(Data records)
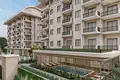 1 bedroom apartment 57 m² Muratpasa, Turkey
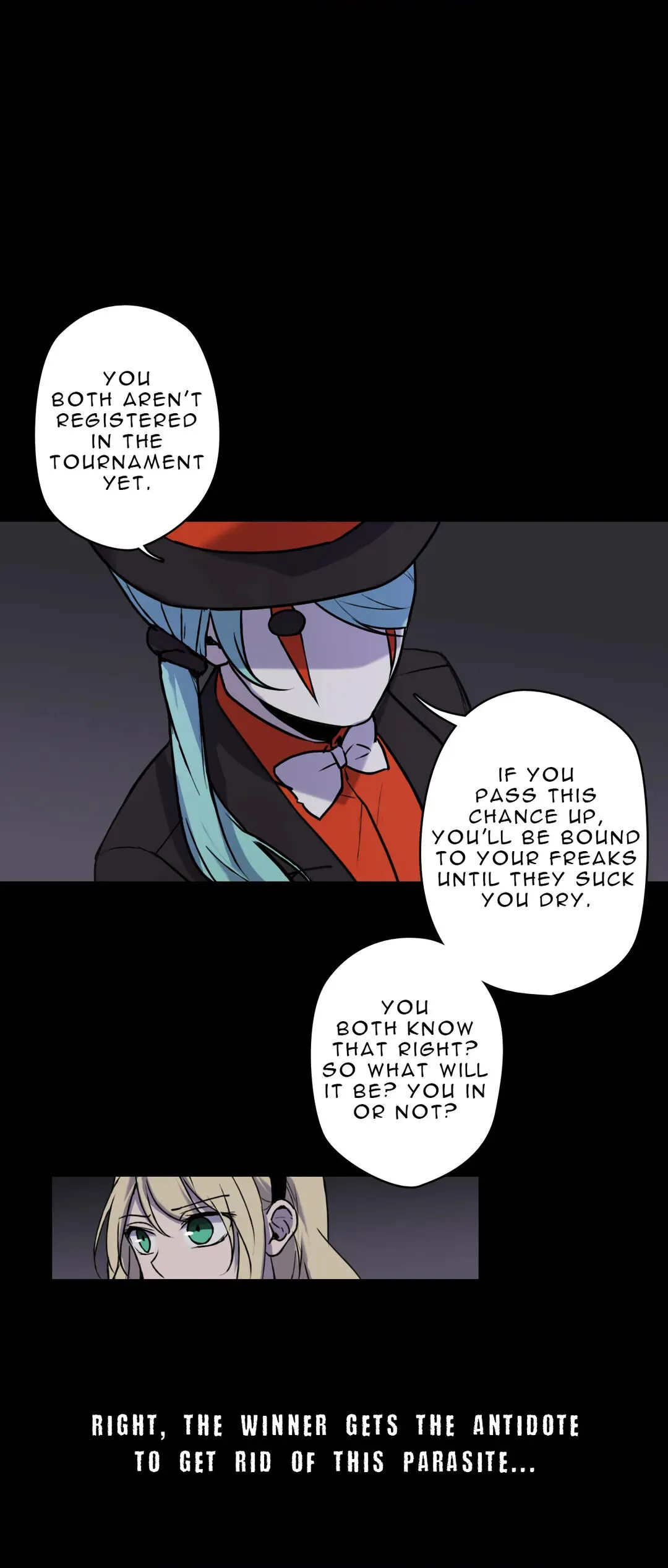 Read Freak-Quency chapter 11 image 16 on Lezhin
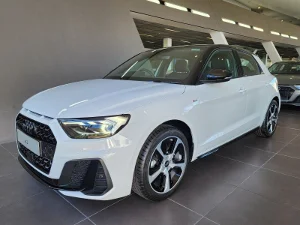 New 2026 Audi A1 Sportback 30TFSI S line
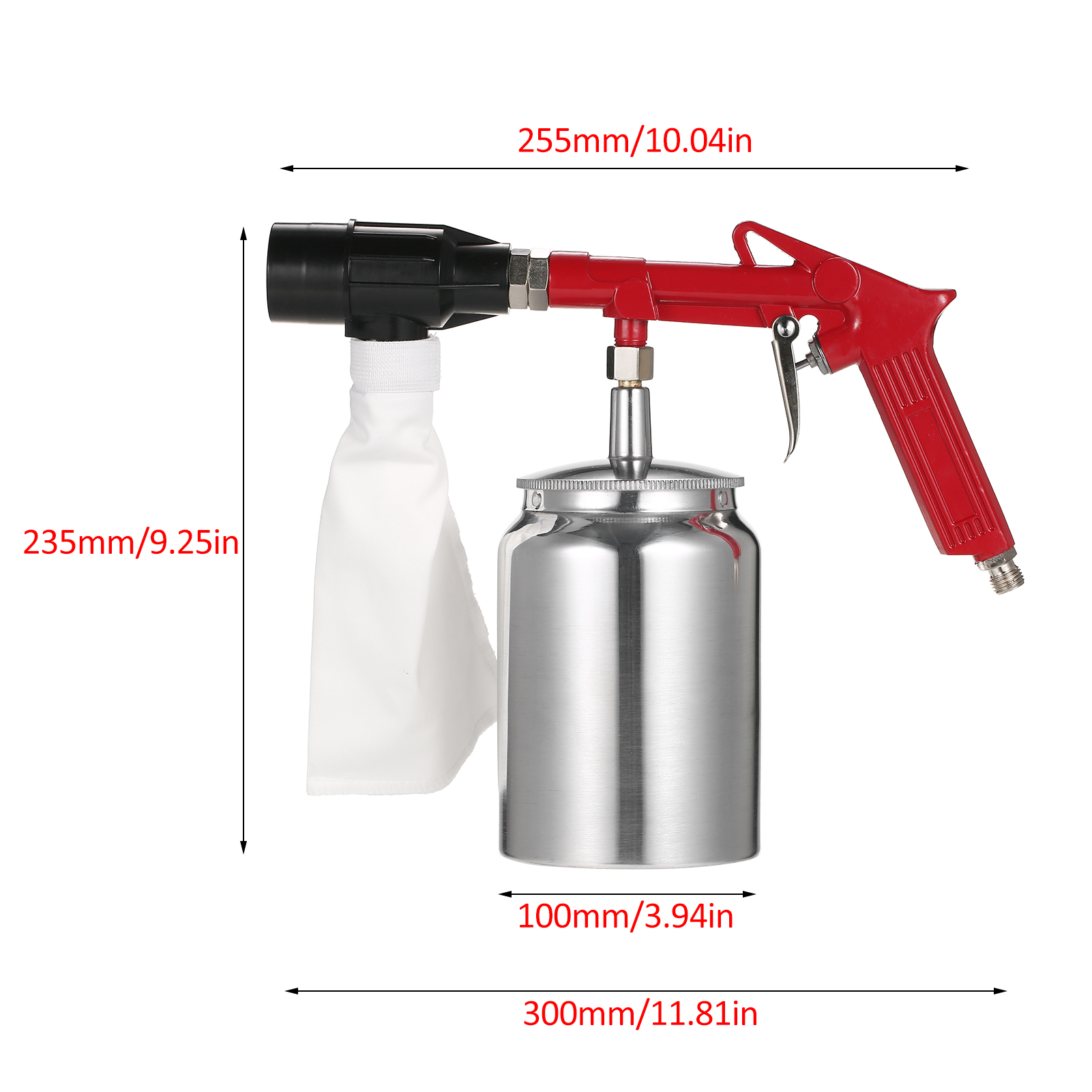 Walmeck Sand Blaster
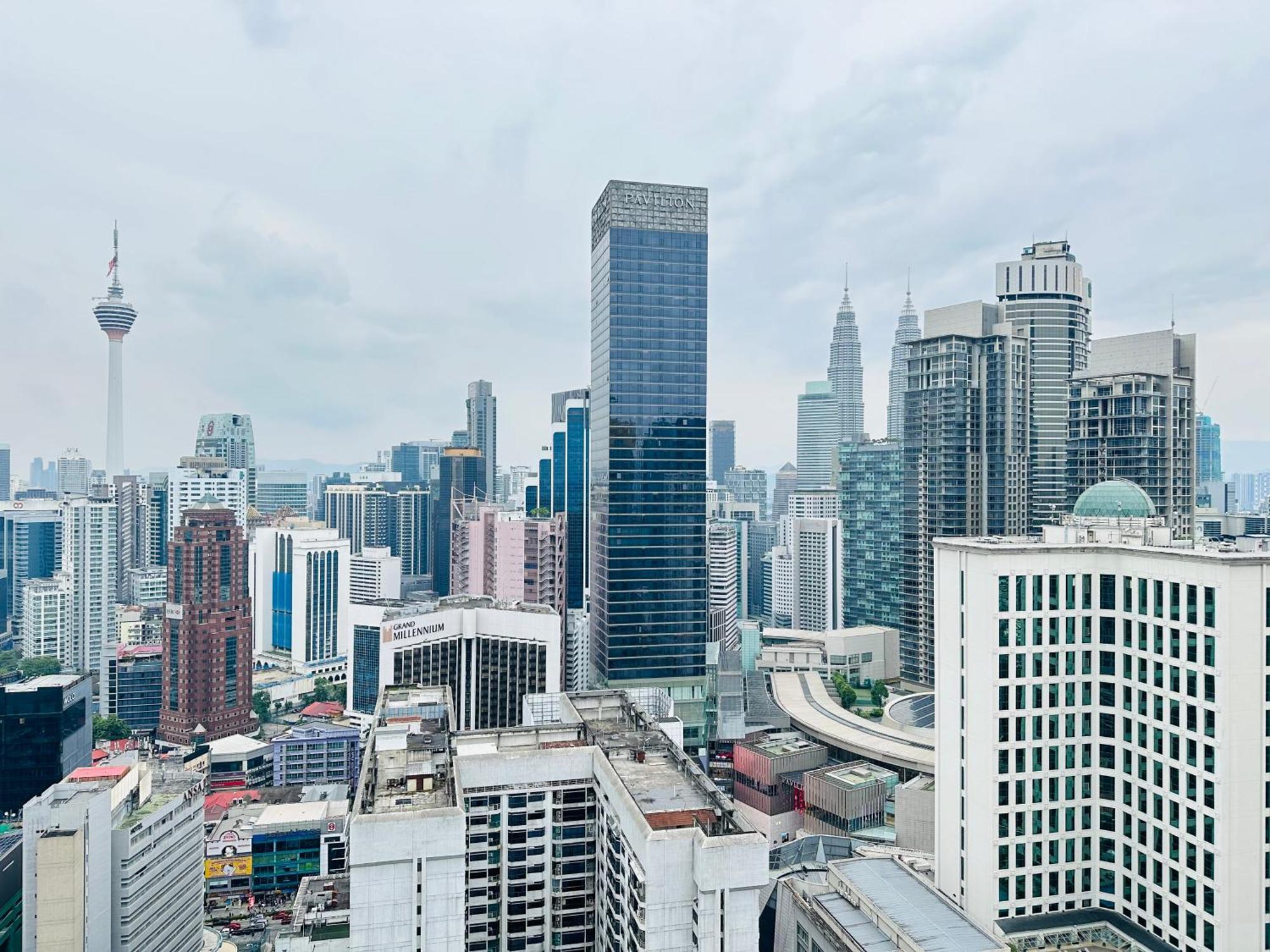 Axon By Leo Aparthotel Kuala Lumpur
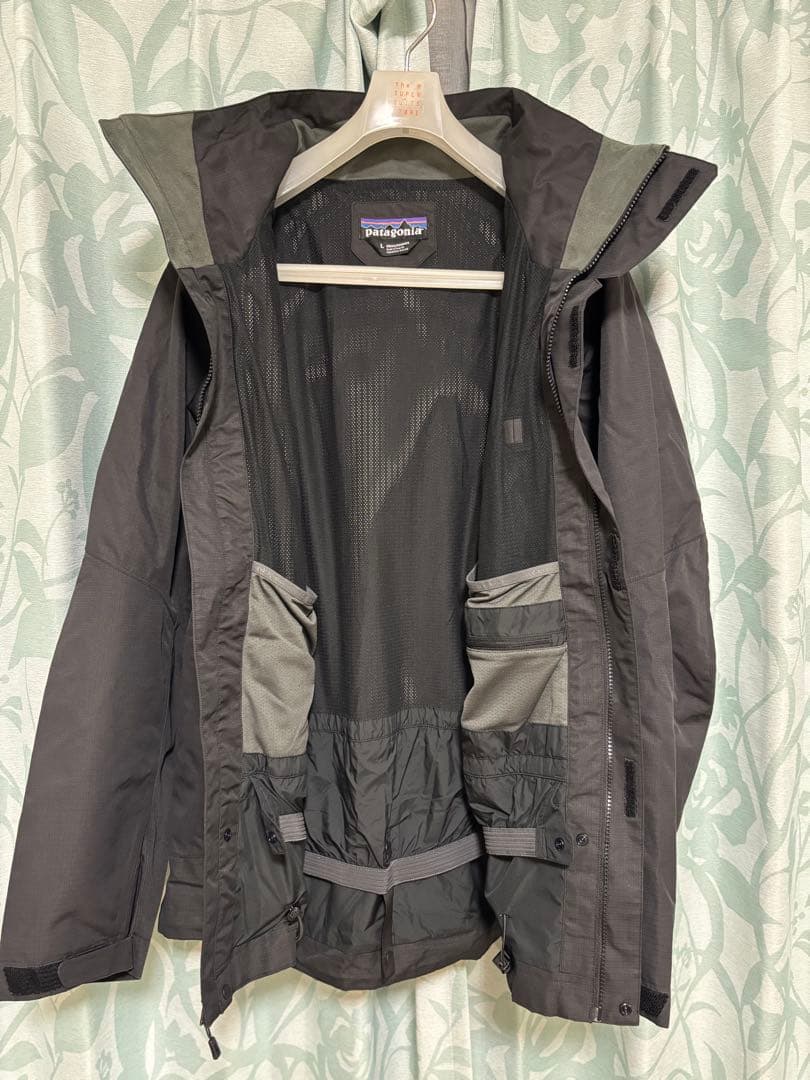 パタゴニア スノーショットジャケット Lサイズ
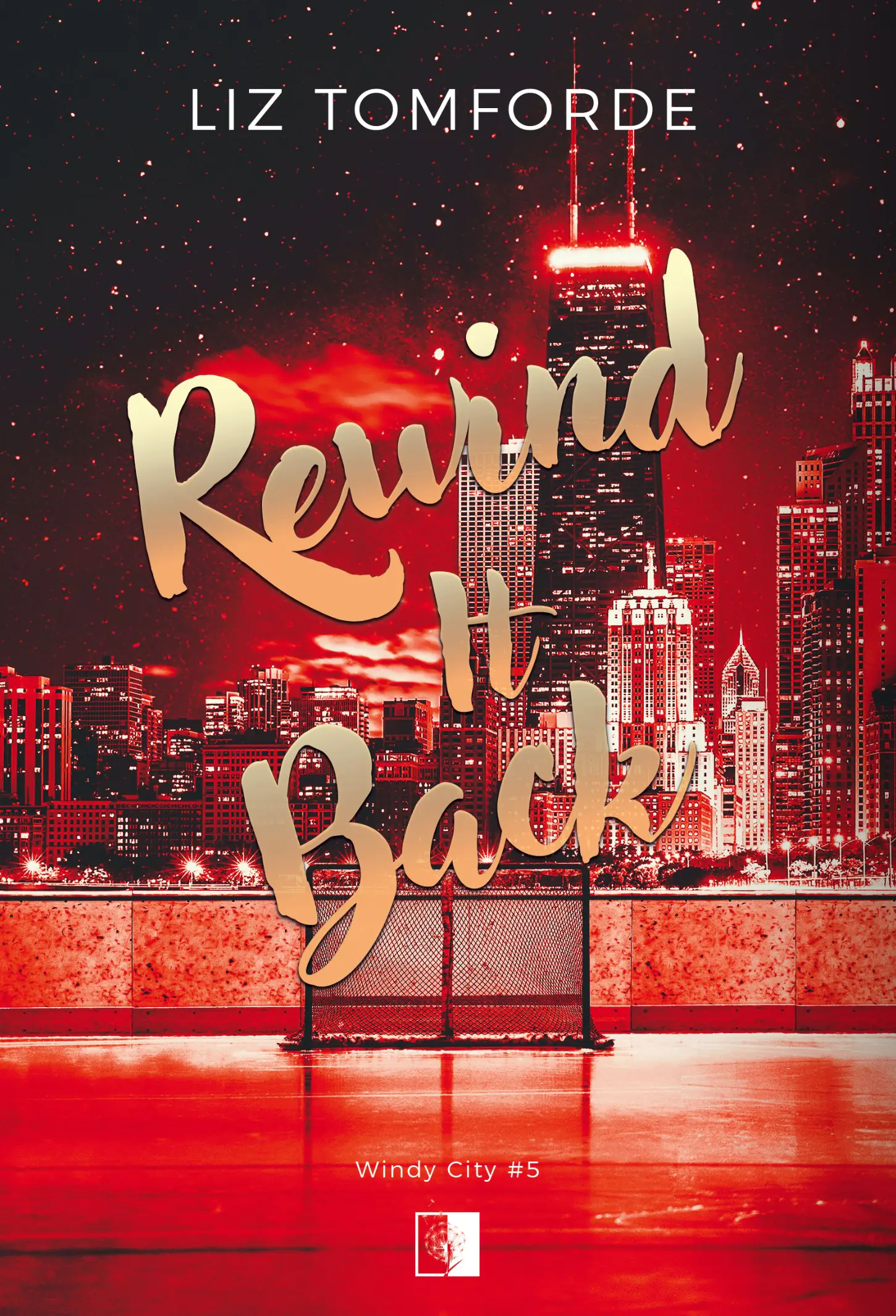 Książka - Rewind It Back. Seria Windy City. Tom 5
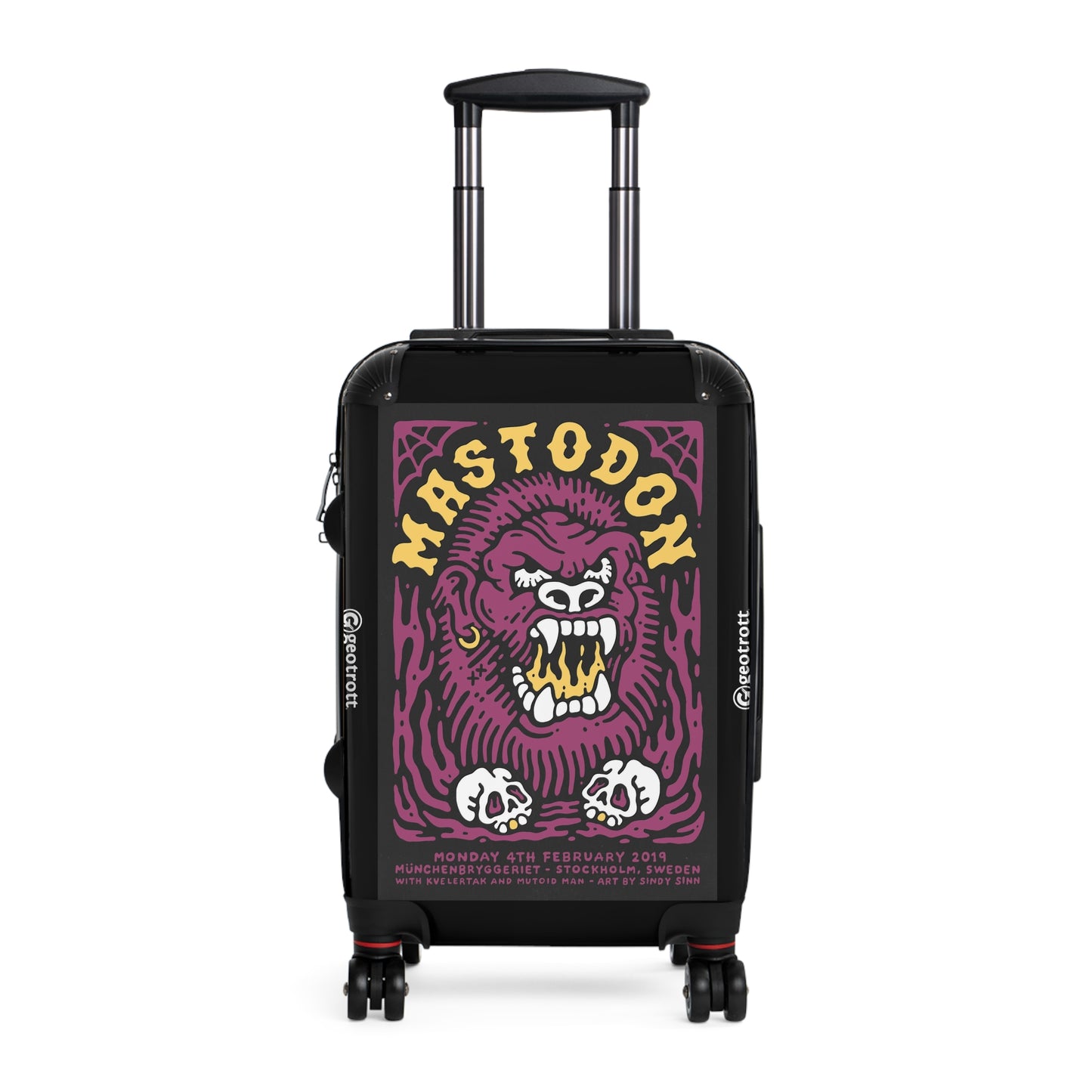 Mastodon 3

| Assignment |
Carry over each record above character for character, with the pictures left out.

| Reply |
 1 bedroom apartment 57 m² Muratpasa, Turkey
 Read Freak-Quency chapter 11 image 16 on Lezhin
 New 2026 Audi A1 Sportback 30TFSI S line
 Walmeck Sand Blaster
 Axon By Leo Aparthotel Kuala Lumpur
 パタゴニア スノーショットジャケット Lサイズ
 Książka - Rewind It Back. Seria Windy City. Tom 5
 Mastodon 3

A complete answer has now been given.